Театральная мастерская как сценическое начинание, по — видимому, произвела на меня впечатление крайне не стойкое. Я видел там, и не по одному разу, «Адвоката Патлена» и «Гондлу» Гумилева. Игровая сторона старинного французского фарса показалась мне наивной, в тяжеловесной «Гондле» мне более всего запомнилось звонкое чтение броских стихов:
Лера, Лера, надменная Лера, Ты, как прежде, бежишь от меня. Я боюсь, как небесного гнева, Глаз твоих голубого огня!Я слышу и сейчас, как скандировались эти стихи. И думается, что в этой пьесе больше всего привлекли театр возможности «чтецкой» трактовки весьма напыщенного произведения.
Но труппа меня поразила. И, очевидно, не тем, что здесь собрались яркие люди, а иным. Это был очень интеллигентный по составу театр. С некоторыми из его участников у меня сразу установились простые дружеские отношения. В общем, актерами они, по сути, не были. А были молодежью, страстно любящей искусство и нашедшей себе пристанище в мастерской.
Итак, спектакли показались мне не слишком оригинальными, да и репертуар не увлек меня. А облик труппы скромной ростовской Театральной мастерской запечатлелся навсегда.
Как это могло случиться?
Труппа ростовской Театральной мастерской была действительно не совсем обычна.
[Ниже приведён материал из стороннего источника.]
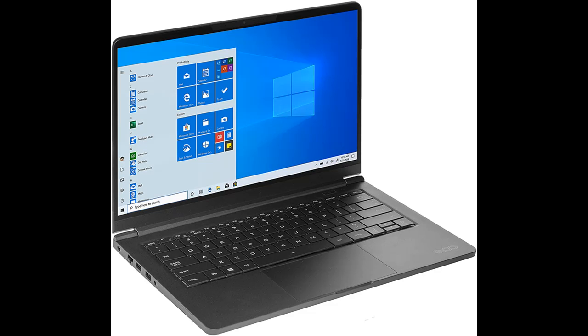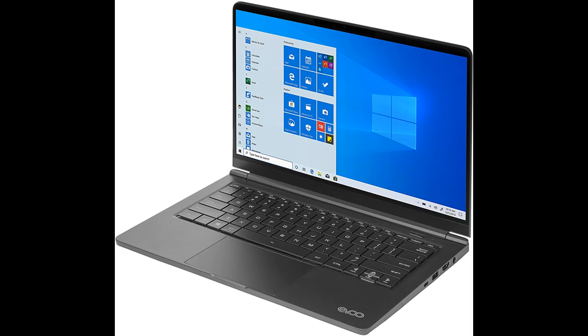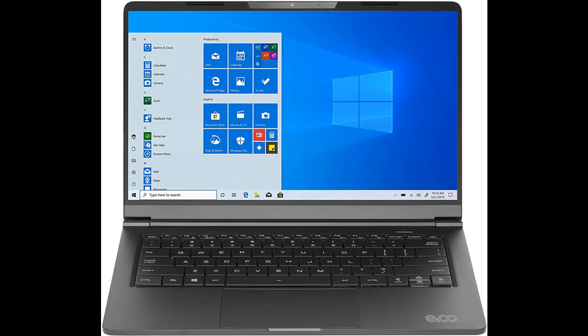Brand: EVOO. Series: EVOO Elite Series. Display size: 14.1 inches. Operating system: Windows 10 Home. Processor count: 1. High-performance Elite Series Notebook.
Можно сказать, что это было вполне дилетантское начинание, созданное человеком даровитым, но в ту пору не профессионалом — молодым режиссером Павлом Карловичем Вейсбремом (а было ему тогда, кажется, всего лет восемнадцать). Самого Вейсбрема я в Ростове не застал. Вместе с родителями, богатыми людьми, он, перед уходом белых, покинул Россию, уехал в Париж. Но характер тамошней жизни был, по — видимому, не для него. Через несколько лет он вернулся на родину, но не в Ростов (Театральной мастерской уже не существовало), а в Ленинград. Там он скоро выдвинулся своими постановками в ряде театров. И эта фигура — человека, влюбленного в искусство и по — настоящему талантливого, вскоре органично «вписалась» в общую картину театральной жизни Ленинграда.
Когда в начале нэпа ростовская Театральная мастерская приехала на гастроли в Петроград, имя Вейсбрема было уже известно. Его называли и создателем театра, и его вдохновителем. Так и было на деле.
До меня стали доходить вести о большом успехе Театральной мастерской в Петрограде. Я был этим до крайности удивлен. Ведь я ее знал. Ее спектакли я видел. В чем же причина ее краткого, но все же шумного успеха? Думается, причин несколько. Первая — специфичность ее репертуара (театр показывал в Петрограде, помимо «Гондлы», «Трагедию об Иуде» Алексея Ремизова и литературно — театральные вечера). Общая культура этого начинания не могла не импонировать взыскательной публике большого художественного центра. Второе — здесь ценили поэзию, слово, умели читать стихи. Пожалуй, именно в отношении к литературе и заключалось обаяние этого театра. А главное, секрет заключался в том, что поднимал на щит мастерскую Михаил Кузмин, поэт — модернист, который с особой симпатией относился ко всякого рода исканиям в искусстве тех лет, лишь бы они не были связаны с традицией. Впрочем, успех оказался эфемерным. Театр вскоре перестал существовать.